What is the university’s role in relation to disasters? How can lecturers help and what policies are in place? “In general, our study advisers and student psychologists are on hand to provide a sympathetic ear after any shocking events and they can also refer students to other practical forms of assistance”, says a spokesperson for the UvA. In addition, the Profiling Fund can provide students who have incurred delays in their studies due to disasters with financial assistance. It has also been decided that Ukrainian students who started their degree programme last year will pay the tuition fees that applies to European students instead of the much higher institutional rate.

The university aims to set up communal spaces for students and members of staff who have been affected by shocking events. Immediately after the Russian invasion of Ukraine, several gatherings well held within the various faculties. “Students and members of staff were given the opportunity to express and share their concerns and their feelings”, says the spokesperson.

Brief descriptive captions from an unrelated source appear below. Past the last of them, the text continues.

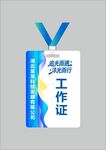 工作证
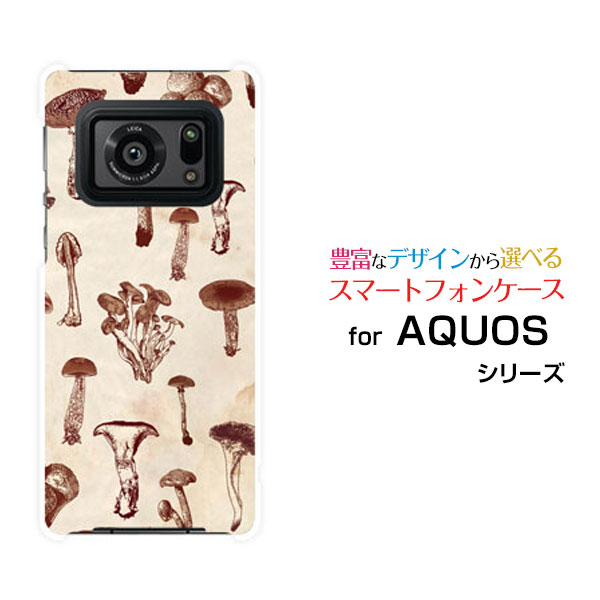AQUOS R6 [SH-51B SoftBank]アクオス アールシックスdocomo SoftBankオリジナル デザインスマホ カバー..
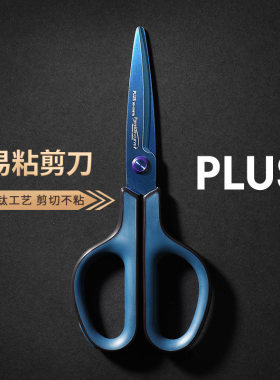 plus新品涂氟限定便携式不粘胶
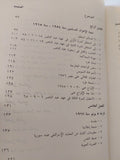 أسرار حركة الضباط الأحرار والإخوان المسلمون / حسن محمد احمد حمودة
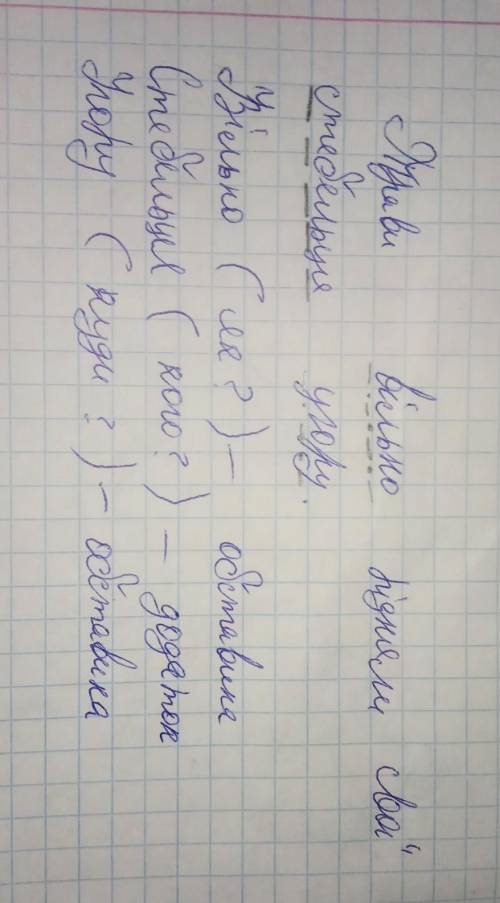 Пидкресли другорядні члены речення а) трави вильно пиднялы свои стебельця угоруБ)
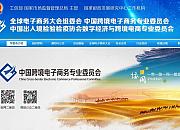 中国跨境电子商务专业委员会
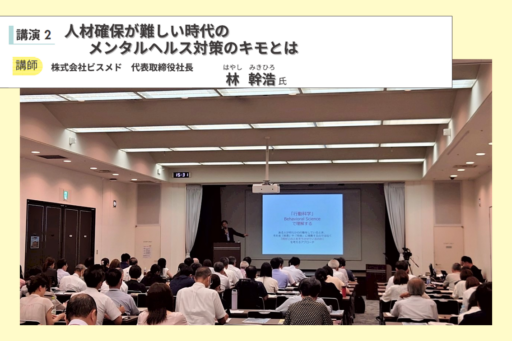 後半の様子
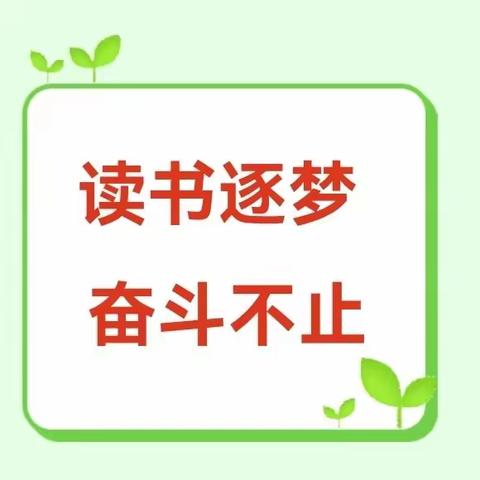 读书逐梦  奋斗不止——槐阳小学升旗仪式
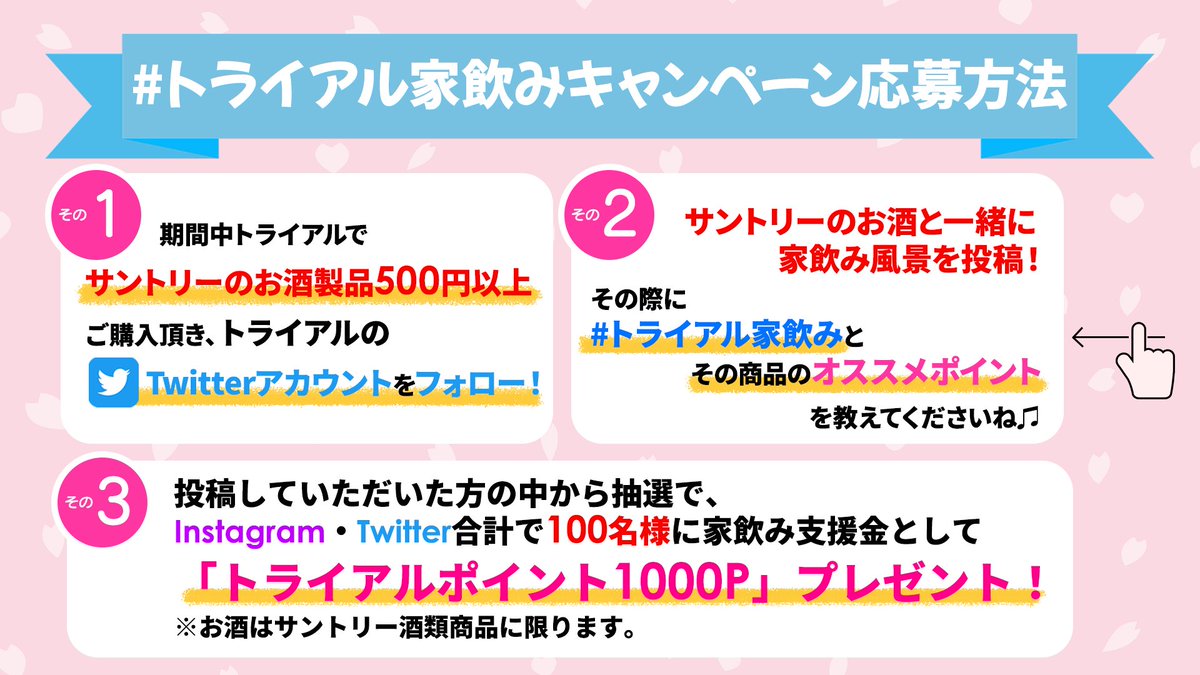 Tweets With Replies By Trial トライアル 公式 Trialcompany Twitter Tweets With Replies By Trial トライアル 公式 Trialcompany Twitter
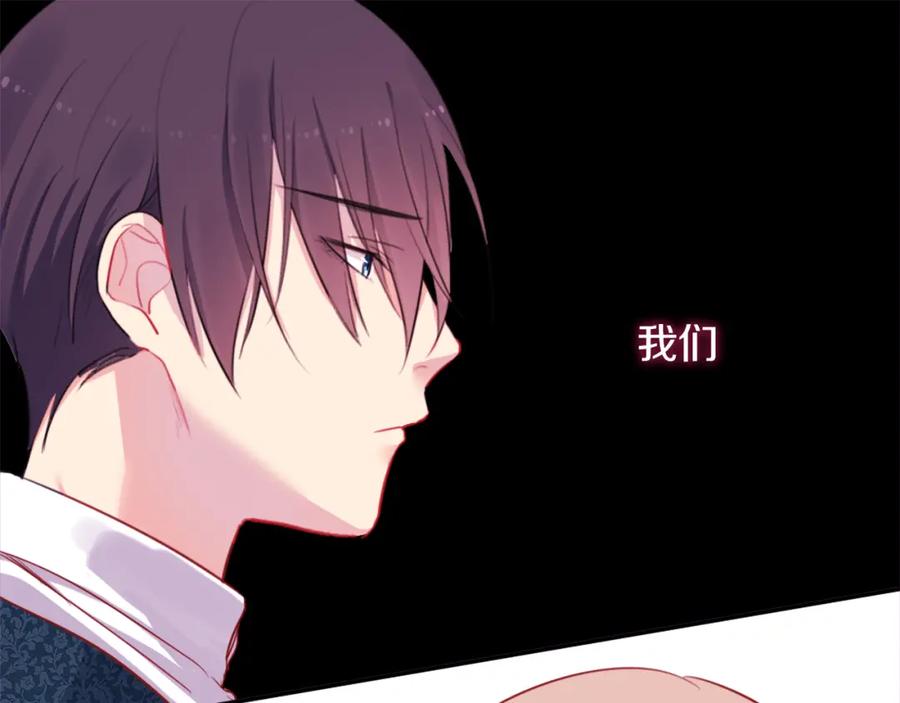 《与侯爵的50亿契约》第6话 谈判 第7页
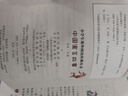 中國寓言故事 注音版（美繪大開本）三年級下快樂讀書吧推薦 兒童文學(xué)注音版 一二三年級小學(xué)生課外閱讀必讀 全國著名語文教師竇桂梅推薦 愛上閱讀系列 曬單實拍圖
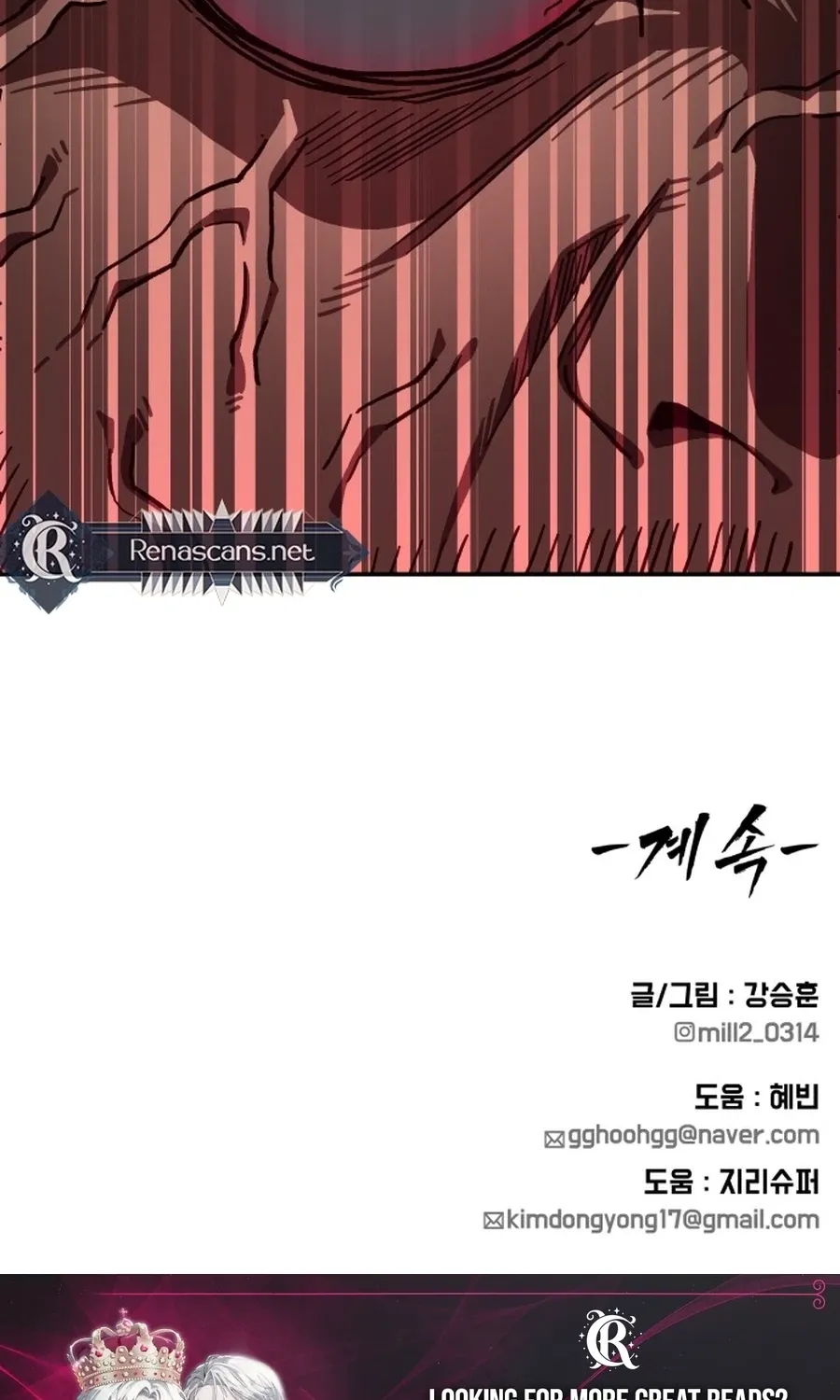 Widower Chapter 16 page 107 -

Following the Turkey and Syria earthquake, the UvA “set up a number of heart-warming initiatives aimed at supporting students and staff members with family members in the region”, including fundraising campaigns and gatherings to discuss the events. “A lot also takes place during lectures, where lecturers will take the time to reflect on the disaster or emergency that has taken place.”

“At a social level, I withdrew to a certain degree for at least the first four months”

Eren remembers that their friend had to return to Turkey because she had lost friends in the earthquake disaster. “The UvA did not relax its attendance requirement, so I didn’t even try to get an exemption.” Fortunately, in general, the teaching staff were understanding and flexible with deadlines, says Eren.
 
“A problem shared is a problem halved”
Ceren Abacioglu believes it is vital that the UvA, which is frequently the direct point of contact for international students, should recognise such difficult situations. “These students need to be informed about the support and assistance available and where they can find like-minded people.” This is especially crucial for those who do not yet have a large social circle in Amsterdam.
 
Sofiya echoes Abacioglu”s concerns about how difficult it can be to have a social life when so much is happening back home. “At a social level, I withdrew to a certain degree for at least the first four months. I did speak to the good friends that I had.” She hopes that everyone who goes through something like this has a network to fall back on or is able to find one, for example through volunteering. Because, Abacioglu says, quoting the old proverb: “A problem shared is a problem halved”.